Provide an exact reproduction of every entry.
------------------------------------------------------------------------
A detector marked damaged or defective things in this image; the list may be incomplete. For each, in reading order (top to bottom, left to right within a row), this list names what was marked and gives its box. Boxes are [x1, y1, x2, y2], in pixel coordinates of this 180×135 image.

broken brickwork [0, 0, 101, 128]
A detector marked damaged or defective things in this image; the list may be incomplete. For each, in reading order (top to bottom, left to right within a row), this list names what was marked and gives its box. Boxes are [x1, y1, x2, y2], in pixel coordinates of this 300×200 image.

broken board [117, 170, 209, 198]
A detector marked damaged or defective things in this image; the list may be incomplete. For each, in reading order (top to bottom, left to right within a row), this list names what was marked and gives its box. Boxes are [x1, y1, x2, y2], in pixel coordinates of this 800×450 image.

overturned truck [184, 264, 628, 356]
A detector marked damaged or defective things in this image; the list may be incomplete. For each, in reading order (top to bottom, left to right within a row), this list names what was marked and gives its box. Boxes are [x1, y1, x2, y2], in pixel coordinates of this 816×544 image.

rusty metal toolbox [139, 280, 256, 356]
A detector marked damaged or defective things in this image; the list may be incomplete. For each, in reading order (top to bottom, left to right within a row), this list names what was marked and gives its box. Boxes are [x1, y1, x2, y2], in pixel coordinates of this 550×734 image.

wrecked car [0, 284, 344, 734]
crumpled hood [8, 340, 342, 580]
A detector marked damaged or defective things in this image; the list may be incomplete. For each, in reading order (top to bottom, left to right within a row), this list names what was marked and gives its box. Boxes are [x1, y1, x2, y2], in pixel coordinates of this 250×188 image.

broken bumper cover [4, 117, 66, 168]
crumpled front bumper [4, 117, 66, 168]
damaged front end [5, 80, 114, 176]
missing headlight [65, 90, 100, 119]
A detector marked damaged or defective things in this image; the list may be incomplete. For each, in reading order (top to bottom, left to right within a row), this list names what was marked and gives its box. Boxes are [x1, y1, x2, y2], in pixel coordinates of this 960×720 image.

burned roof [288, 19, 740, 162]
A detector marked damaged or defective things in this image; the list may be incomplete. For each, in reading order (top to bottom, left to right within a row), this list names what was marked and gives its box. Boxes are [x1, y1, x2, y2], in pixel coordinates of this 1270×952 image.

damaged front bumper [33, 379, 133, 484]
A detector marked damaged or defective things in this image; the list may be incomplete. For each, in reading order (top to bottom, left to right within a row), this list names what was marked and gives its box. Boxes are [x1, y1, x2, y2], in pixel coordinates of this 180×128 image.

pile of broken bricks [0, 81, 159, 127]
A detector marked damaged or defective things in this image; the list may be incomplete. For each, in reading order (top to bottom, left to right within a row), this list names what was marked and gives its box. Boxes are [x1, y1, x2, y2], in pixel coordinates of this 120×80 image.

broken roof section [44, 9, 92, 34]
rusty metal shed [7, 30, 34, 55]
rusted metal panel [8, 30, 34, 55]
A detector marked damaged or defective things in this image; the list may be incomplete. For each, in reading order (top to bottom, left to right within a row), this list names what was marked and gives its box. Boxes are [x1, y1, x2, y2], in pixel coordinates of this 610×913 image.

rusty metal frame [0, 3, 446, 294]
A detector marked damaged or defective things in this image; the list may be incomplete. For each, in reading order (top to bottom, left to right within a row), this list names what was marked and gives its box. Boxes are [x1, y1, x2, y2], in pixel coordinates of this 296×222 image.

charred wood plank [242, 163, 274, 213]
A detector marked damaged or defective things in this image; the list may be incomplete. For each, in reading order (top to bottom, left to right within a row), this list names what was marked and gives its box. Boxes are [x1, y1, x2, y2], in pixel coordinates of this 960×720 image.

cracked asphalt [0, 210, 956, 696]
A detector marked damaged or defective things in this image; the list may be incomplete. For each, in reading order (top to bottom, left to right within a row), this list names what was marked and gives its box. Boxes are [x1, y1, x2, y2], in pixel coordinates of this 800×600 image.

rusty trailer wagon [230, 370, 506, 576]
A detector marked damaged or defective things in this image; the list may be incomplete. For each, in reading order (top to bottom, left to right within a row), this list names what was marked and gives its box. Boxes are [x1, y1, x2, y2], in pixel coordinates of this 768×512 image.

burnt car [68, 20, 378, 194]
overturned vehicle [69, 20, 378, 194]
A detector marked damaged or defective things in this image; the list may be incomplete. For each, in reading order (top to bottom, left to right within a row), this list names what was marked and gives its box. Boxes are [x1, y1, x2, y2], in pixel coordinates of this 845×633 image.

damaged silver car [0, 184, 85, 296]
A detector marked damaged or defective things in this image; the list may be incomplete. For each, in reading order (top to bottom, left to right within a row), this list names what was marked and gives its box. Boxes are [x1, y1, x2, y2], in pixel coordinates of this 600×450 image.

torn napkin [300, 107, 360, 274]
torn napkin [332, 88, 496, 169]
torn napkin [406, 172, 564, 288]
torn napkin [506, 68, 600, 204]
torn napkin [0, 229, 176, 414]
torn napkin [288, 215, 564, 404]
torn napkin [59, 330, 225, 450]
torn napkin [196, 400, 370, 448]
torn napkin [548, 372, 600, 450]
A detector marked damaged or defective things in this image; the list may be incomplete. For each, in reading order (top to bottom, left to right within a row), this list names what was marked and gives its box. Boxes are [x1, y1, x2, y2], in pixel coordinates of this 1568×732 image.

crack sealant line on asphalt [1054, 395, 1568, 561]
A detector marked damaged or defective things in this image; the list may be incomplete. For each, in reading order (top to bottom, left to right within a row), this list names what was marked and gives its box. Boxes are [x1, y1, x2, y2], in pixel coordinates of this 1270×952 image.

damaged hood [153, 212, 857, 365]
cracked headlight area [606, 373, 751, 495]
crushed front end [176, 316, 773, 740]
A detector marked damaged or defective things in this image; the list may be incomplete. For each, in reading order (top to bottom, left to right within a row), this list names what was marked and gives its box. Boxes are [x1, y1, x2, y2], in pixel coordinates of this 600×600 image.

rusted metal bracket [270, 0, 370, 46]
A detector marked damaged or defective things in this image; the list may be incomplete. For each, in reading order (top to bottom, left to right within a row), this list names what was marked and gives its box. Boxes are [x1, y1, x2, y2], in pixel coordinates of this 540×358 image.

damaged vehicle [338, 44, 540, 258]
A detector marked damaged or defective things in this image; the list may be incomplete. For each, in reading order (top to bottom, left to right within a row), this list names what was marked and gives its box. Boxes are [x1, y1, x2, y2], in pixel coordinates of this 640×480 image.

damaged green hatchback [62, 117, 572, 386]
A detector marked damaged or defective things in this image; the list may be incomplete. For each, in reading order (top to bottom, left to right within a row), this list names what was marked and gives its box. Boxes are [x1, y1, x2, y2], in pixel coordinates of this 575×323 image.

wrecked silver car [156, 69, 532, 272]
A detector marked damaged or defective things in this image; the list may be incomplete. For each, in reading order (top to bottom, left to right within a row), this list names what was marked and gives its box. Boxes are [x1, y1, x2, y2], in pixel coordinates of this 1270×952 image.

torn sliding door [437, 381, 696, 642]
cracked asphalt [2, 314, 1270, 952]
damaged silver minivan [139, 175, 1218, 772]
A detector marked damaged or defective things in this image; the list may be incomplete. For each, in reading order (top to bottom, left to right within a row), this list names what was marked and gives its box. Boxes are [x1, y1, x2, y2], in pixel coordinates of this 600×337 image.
------------------------------------------------------------------------
| Exercise answer |
A detector marked damaged or defective things in this image; the list may be incomplete. For each, in reading order (top to bottom, left to right within a row), this list names what was marked and gives its box. Boxes are [x1, y1, x2, y2], in pixel coordinates of this 180×135 image.

broken brickwork [0, 0, 101, 128]
A detector marked damaged or defective things in this image; the list may be incomplete. For each, in reading order (top to bottom, left to right within a row), this list names what was marked and gives its box. Boxes are [x1, y1, x2, y2], in pixel coordinates of this 300×200 image.

broken board [117, 170, 209, 198]
A detector marked damaged or defective things in this image; the list may be incomplete. For each, in reading order (top to bottom, left to right within a row), this list names what was marked and gives its box. Boxes are [x1, y1, x2, y2], in pixel coordinates of this 800×450 image.

overturned truck [184, 264, 628, 356]
A detector marked damaged or defective things in this image; the list may be incomplete. For each, in reading order (top to bottom, left to right within a row), this list names what was marked and gives its box. Boxes are [x1, y1, x2, y2], in pixel coordinates of this 816×544 image.

rusty metal toolbox [139, 280, 256, 356]
A detector marked damaged or defective things in this image; the list may be incomplete. For each, in reading order (top to bottom, left to right within a row), this list names what was marked and gives its box. Boxes are [x1, y1, x2, y2], in pixel coordinates of this 550×734 image.

wrecked car [0, 284, 344, 734]
crumpled hood [8, 340, 342, 580]
A detector marked damaged or defective things in this image; the list may be incomplete. For each, in reading order (top to bottom, left to right within a row), this list names what was marked and gives its box. Boxes are [x1, y1, x2, y2], in pixel coordinates of this 250×188 image.

broken bumper cover [4, 117, 66, 168]
crumpled front bumper [4, 117, 66, 168]
damaged front end [5, 80, 114, 176]
missing headlight [65, 90, 100, 119]
A detector marked damaged or defective things in this image; the list may be incomplete. For each, in reading order (top to bottom, left to right within a row), this list names what was marked and gives its box. Boxes are [x1, y1, x2, y2], in pixel coordinates of this 960×720 image.

burned roof [288, 19, 740, 162]
A detector marked damaged or defective things in this image; the list may be incomplete. For each, in reading order (top to bottom, left to right within a row), this list names what was marked and gives its box. Boxes are [x1, y1, x2, y2], in pixel coordinates of this 1270×952 image.

damaged front bumper [33, 379, 133, 484]
A detector marked damaged or defective things in this image; the list may be incomplete. For each, in reading order (top to bottom, left to right within a row), this list names what was marked and gives its box. Boxes are [x1, y1, x2, y2], in pixel coordinates of this 180×128 image.

pile of broken bricks [0, 81, 159, 127]
A detector marked damaged or defective things in this image; the list may be incomplete. For each, in reading order (top to bottom, left to right within a row), this list names what was marked and gives its box. Boxes are [x1, y1, x2, y2], in pixel coordinates of this 120×80 image.

broken roof section [44, 9, 92, 34]
rusty metal shed [7, 30, 34, 55]
rusted metal panel [8, 30, 34, 55]
A detector marked damaged or defective things in this image; the list may be incomplete. For each, in reading order (top to bottom, left to right within a row), this list names what was marked and gives its box. Boxes are [x1, y1, x2, y2], in pixel coordinates of this 610×913 image.

rusty metal frame [0, 3, 446, 294]
A detector marked damaged or defective things in this image; the list may be incomplete. For each, in reading order (top to bottom, left to right within a row), this list names what was marked and gives its box. Boxes are [x1, y1, x2, y2], in pixel coordinates of this 296×222 image.

charred wood plank [242, 163, 274, 213]
A detector marked damaged or defective things in this image; the list may be incomplete. For each, in reading order (top to bottom, left to right within a row), this list names what was marked and gives its box. Boxes are [x1, y1, x2, y2], in pixel coordinates of this 960×720 image.

cracked asphalt [0, 210, 956, 696]
A detector marked damaged or defective things in this image; the list may be incomplete. For each, in reading order (top to bottom, left to right within a row), this list names what was marked and gives its box. Boxes are [x1, y1, x2, y2], in pixel coordinates of this 800×600 image.

rusty trailer wagon [230, 370, 506, 576]
A detector marked damaged or defective things in this image; the list may be incomplete. For each, in reading order (top to bottom, left to right within a row), this list names what was marked and gives its box. Boxes are [x1, y1, x2, y2], in pixel coordinates of this 768×512 image.

burnt car [68, 20, 378, 194]
overturned vehicle [69, 20, 378, 194]
A detector marked damaged or defective things in this image; the list may be incomplete. For each, in reading order (top to bottom, left to right within a row), this list names what was marked and gives its box. Boxes are [x1, y1, x2, y2], in pixel coordinates of this 845×633 image.

damaged silver car [0, 184, 85, 296]
A detector marked damaged or defective things in this image; the list may be incomplete. For each, in reading order (top to bottom, left to right within a row), this list names what was marked and gives its box. Boxes are [x1, y1, x2, y2], in pixel coordinates of this 600×450 image.

torn napkin [300, 107, 360, 274]
torn napkin [332, 88, 496, 169]
torn napkin [406, 172, 564, 288]
torn napkin [506, 68, 600, 204]
torn napkin [0, 229, 176, 414]
torn napkin [288, 215, 564, 404]
torn napkin [59, 330, 225, 450]
torn napkin [196, 400, 370, 448]
torn napkin [548, 372, 600, 450]
A detector marked damaged or defective things in this image; the list may be incomplete. For each, in reading order (top to bottom, left to right within a row), this list names what was marked and gives its box. Boxes are [x1, y1, x2, y2], in pixel coordinates of this 1568×732 image.

crack sealant line on asphalt [1054, 395, 1568, 561]
A detector marked damaged or defective things in this image; the list may be incomplete. For each, in reading order (top to bottom, left to right within a row), this list names what was marked and gives its box. Boxes are [x1, y1, x2, y2], in pixel coordinates of this 1270×952 image.

damaged hood [153, 212, 857, 365]
cracked headlight area [606, 373, 751, 495]
crushed front end [176, 316, 773, 740]
A detector marked damaged or defective things in this image; the list may be incomplete. For each, in reading order (top to bottom, left to right within a row), this list names what was marked and gives its box. Boxes are [x1, y1, x2, y2], in pixel coordinates of this 600×600 image.

rusted metal bracket [270, 0, 370, 46]
A detector marked damaged or defective things in this image; the list may be incomplete. For each, in reading order (top to bottom, left to right within a row), this list names what was marked and gives its box. Boxes are [x1, y1, x2, y2], in pixel coordinates of this 540×358 image.

damaged vehicle [338, 44, 540, 258]
A detector marked damaged or defective things in this image; the list may be incomplete. For each, in reading order (top to bottom, left to right within a row), this list names what was marked and gives its box. Boxes are [x1, y1, x2, y2], in pixel coordinates of this 640×480 image.

damaged green hatchback [62, 117, 572, 386]
A detector marked damaged or defective things in this image; the list may be incomplete. For each, in reading order (top to bottom, left to right within a row), this list names what was marked and gives its box. Boxes are [x1, y1, x2, y2], in pixel coordinates of this 575×323 image.

wrecked silver car [156, 69, 532, 272]
A detector marked damaged or defective things in this image; the list may be incomplete. For each, in reading order (top to bottom, left to right within a row), this list names what was marked and gives its box. Boxes are [x1, y1, x2, y2], in pixel coordinates of this 1270×952 image.

torn sliding door [437, 381, 696, 642]
cracked asphalt [2, 314, 1270, 952]
damaged silver minivan [139, 175, 1218, 772]
A detector marked damaged or defective things in this image; the list may be incomplete. For each, in reading order (top to bottom, left to right within a row), this list names what was marked and gives its box. Boxes are [x1, y1, x2, y2], in pixel coordinates of this 600×337 image.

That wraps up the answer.